The cinder cloudy catshark (Scyliorhinus hachijoensis) is a species of catshark from the Pacific Ocean; all specimens identified have been from the area around the Izu Islands, Japan.
The species is a close relative of the cloudy catshark (S. torazame), and the overall appearance is similar. The species was first identified in 2022 as bycatch of the splendid alfonsino fishery.

The cinder cloudy catshark is genetically similar to the cloudy catshark, but can be differentiated based on the coloration pattern from all other species within the genus. The term "cinder" refers to Cinderella, specifically the flecks of grey in the coloration pattern which are reminiscent of cinders. The species has the same specialized hooks in its clasper morphology which distinguishes the cinder cloudy catshark and cloudy catshark from the rest of the genus.

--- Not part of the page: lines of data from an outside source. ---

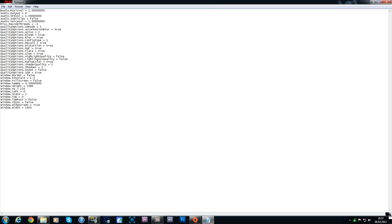What you're looking for is the field of view setting. When you first open this file, the FOV scale will be set to 1. You want to change that to 1.5, which will increase it so you have a better field of view. Then you want to change the widescreen setting — it's set to false, but you need to change it to true. This will give you true widescreen as well.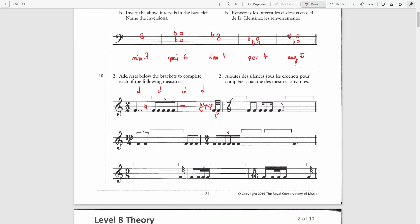The next bar is 7/8, which is a mixed meter time signature that could be grouped as 4+3 8th notes, 3+4, 2+3+2, 3+2+2, or 2+2+3. We have two 8th notes grouped together, so that will be a grouping of 2.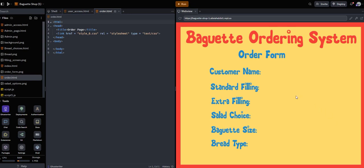Welcome to another video tutorial, coming towards the end of this series for the baguette ordering system using HTML, CSS, and JavaScript. The last thing we did was create an order form and design it — it has the customer name, the standard filling, the extra filling, the salad choice, the baguette size, and baguette bread. Today we're going to start putting those text boxes and drop-down boxes in so customers can place their order.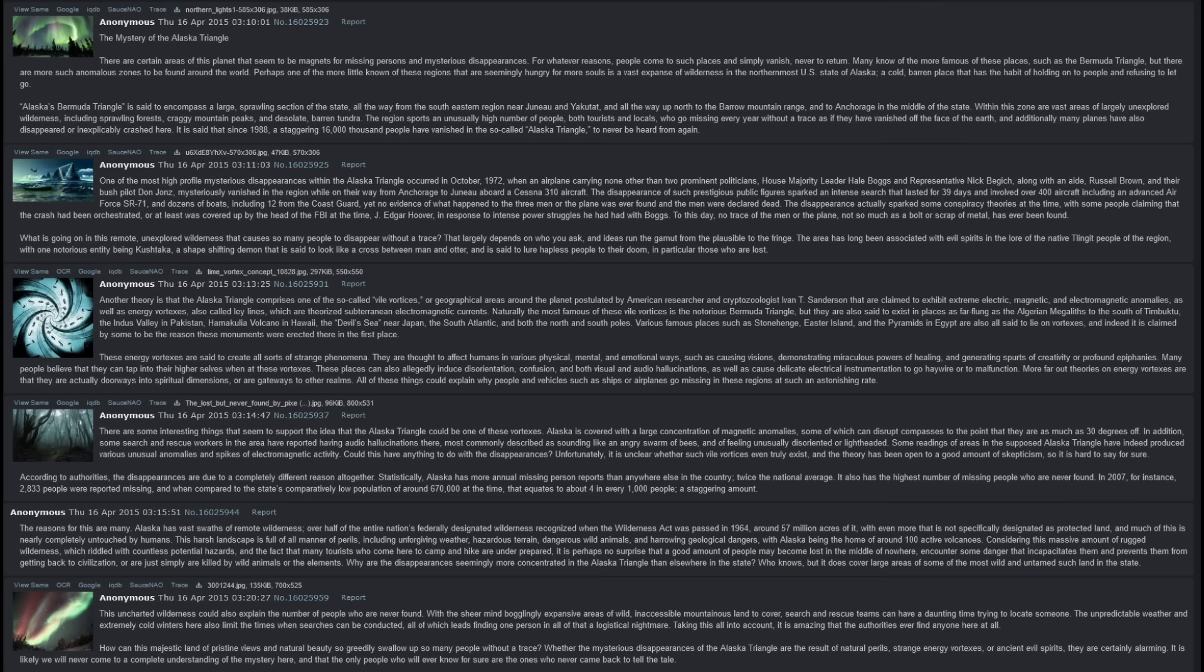This uncharted wilderness could also explain the number of people who were never found. With the sheer, mind-bogglingly expansive areas of wild, inaccessible mountainous land to cover, search and rescue teams can have a daunting time trying to locate someone. The unpredictable weather and extremely cold winters that are here also limit the times when searches can be conducted, all of which means that finding one person in all of that is a logistical nightmare.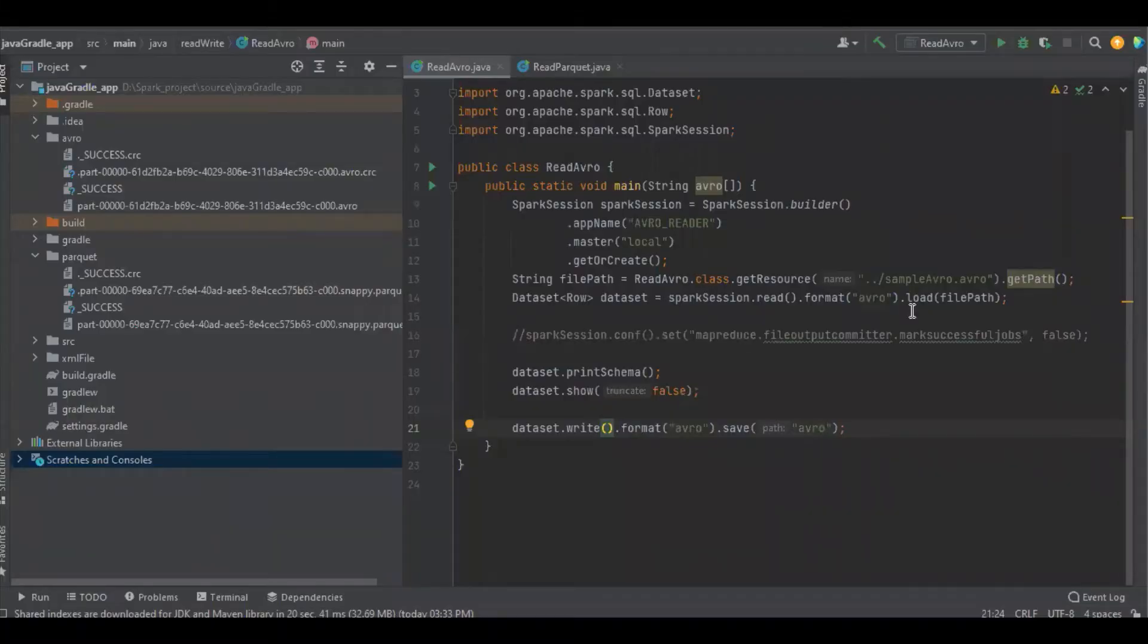Hello Programmer. In this video, we're going to discuss how to avoid generating CRC and underscore success files.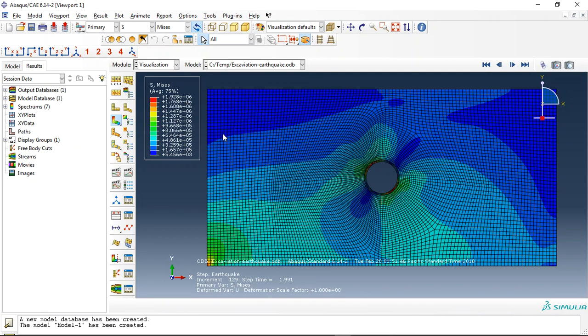Hello and welcome to this tutorial. In this tutorial I demonstrate a model of deep excavation or TBM modeling in 2D.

The Latin name comes from Hachijō-jima, an island near where many of the specimens were collected.

== Physical description ==
The cinder cloudy catshark is brown with both lighter and darker grey spots, with an overall maximum length of approximately 40 cm.

== Distribution ==
All specimens identified have been caught around the Izu Islands, off the coast of Japan, caught by longline at depths ranging from 100 m to 650 m. This is notably deeper than the cloudy catshark.

== Reproduction ==
Like many other sharks, this species is ovoviviparous with an egg case of 5 cm not including tendrils. Unlike others in the genus which appear smooth, the surface of the egg case typically appears wrinkled.